Ever since the government of Botswana took a highly commendable decision last week to abandon the sale of Air Botswana to SA Airlink, the privatisation agency (Peepa) has been frantically running amok trying to absolve themselves from the untidy mess that had become the aborted transaction.
As was to be expected when giving out information on the stillborn deal (through a select platform of their favoured media friends), Peepa sticks to a clearly rehearsed strategy of only selectively giving out only that information that favours their designs.
It is also reprehensible how some media houses have allowed themselves to be used; from day one becoming gullible purveyors of the Peepa story – buying it line, hook and sinker without inklings of cynicism expected of watchdog players they claim to be.
While we find that bad enough, what is even more appalling is the blame shifting strategy the Peepa executives seem to have lately perfected.
We want to advise Peepa that instead of blaming everyone for their shortcomings and clutching at straws, they should get their house in order first.
The truth never to be forgotten is that Peepa remains a government company wholly financed from public money.
We have in the past supported calls on government to enact a privatisation law.
We still do.
We have also in the past gone at length to point out that, under the prevailing circumstances, it was inevitable that Peepa would encounter problems as a result of resistance and ill will from some empire builders in government.
Naturally, such people would feel that Peepa was encroaching if not attempting to dismantle their empires and turfs thereby bringing about an inevitable clash of interests.
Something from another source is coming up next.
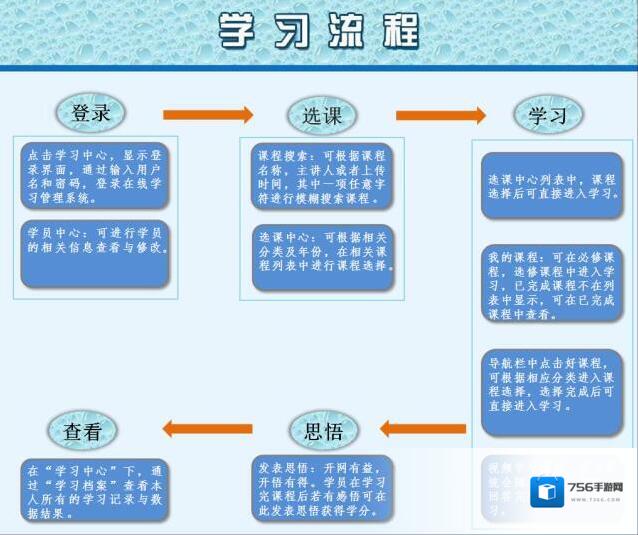 青海新闻学分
In our more than a dozen articles and editorials, we said the absence of a parliament sanctified law caused not only uncertainty but also gave too much room to footloose wealth mongers who wanted to use the privatisation transactions for personal gain at the exclusion of the nation at large.
In fact, at the height of tensions surrounding Peepa, we went as far as to take sides with the government, precisely Vice President Ian Khama, when some Peepa board members wanted to overrule cabinet’s re-appointment of Joshua Galeforolwe as Chief Executive.
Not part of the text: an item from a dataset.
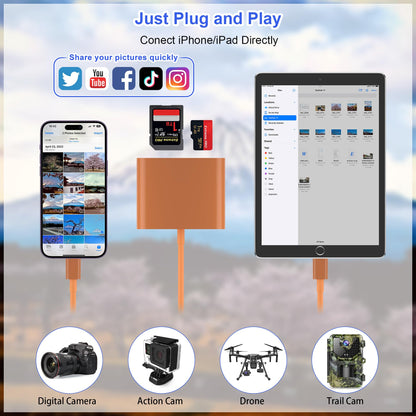 SZHAIYIJIN SD Card Reader for iPhone, Memory Card Reader with USB Camera Adapter Plug and Play Trail Game Camera Viewer Supports SD and TF Card MicroSD Card Adapter for iPad No App Required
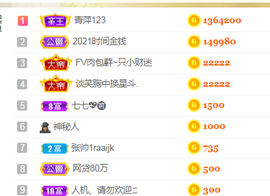 陈丝丝肚子疼休主播照片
It would, therefore, be insincere and disingenuous for anyone, least of all Peepa executives, to read any ulterior motives in our disposition to them as an organization.
That said we want to point out that having sided with Peepa executives in the past did not in anyway mean we were indebted or beholden to them.
It was just that, at the time, we happened to be on the same wavelength in as far as we interpreted the unfolding events was concerned.
Having sided with them in the past was in no way a guarantee that we would turn a blind eye to their excesses and unsavory designs that included sinister attempts to use spin to dig themselves out of a litany of self inflicted problems; problems that worsened following a well debated parliamentary motion to call off the privatization of Air Botswana.
Although we sided with Peepa in the past, we have always taken it as our bounden duty to part ways with Peepa executives when we felt they were no longer serving national interests.
We sided with Peepa not out of any eagerness to gain the organisation’s approval as seems to be happening with some media houses but because we felt at the time that Peepa was being unfairly accused of wrongdoing.
The tables have changed and we think it is Peepa that is underperforming.
Early in the year, Peepa promised not only to privatize GEMVAS (the government car and housing scheme) they said they would also transfer a stake of BTC to private hands.
That sadly has not happened.
All we did and continue to do is to spell those shortcomings.
If, by so doing, we are guilty of any offence then we plead guilty as charged, gladly sign up the confession and cheerfully admit to being an enemy of Peepa.
We want to underscore the fact that we abhor the strategy by Peepa executives to try to blame everyone else but themselves.
That to us amounts to nothing more than clutching at the straws.
Peepa would do themselves a favour by internalising the age old adage that “when inside a hole stop digging.”
It’s surprising that though they are themselves masters of the art of criticising other people, Peepa executives would themselves not abide any form of criticisms from any quarters.
It is difficult to see how, against all evidence, Peepa executives want the nation to believe them and take them seriously when they say that all their shortcomings are an exclusive result of political sabotage by politicians who do not want to buy into the privatization process.
If Peepa executives are in touch with the public mood they would have long read what has been a groundswell of disillusionment against them and their organization which has now turned into resentment; a result of too much talk and no delivery.
Criticising everybody else while not doing their part as Peepa is wont to doing is a strategy of malingering hounds.
We expect more and better from an organization tasked with an infinitely important job of public sector reform.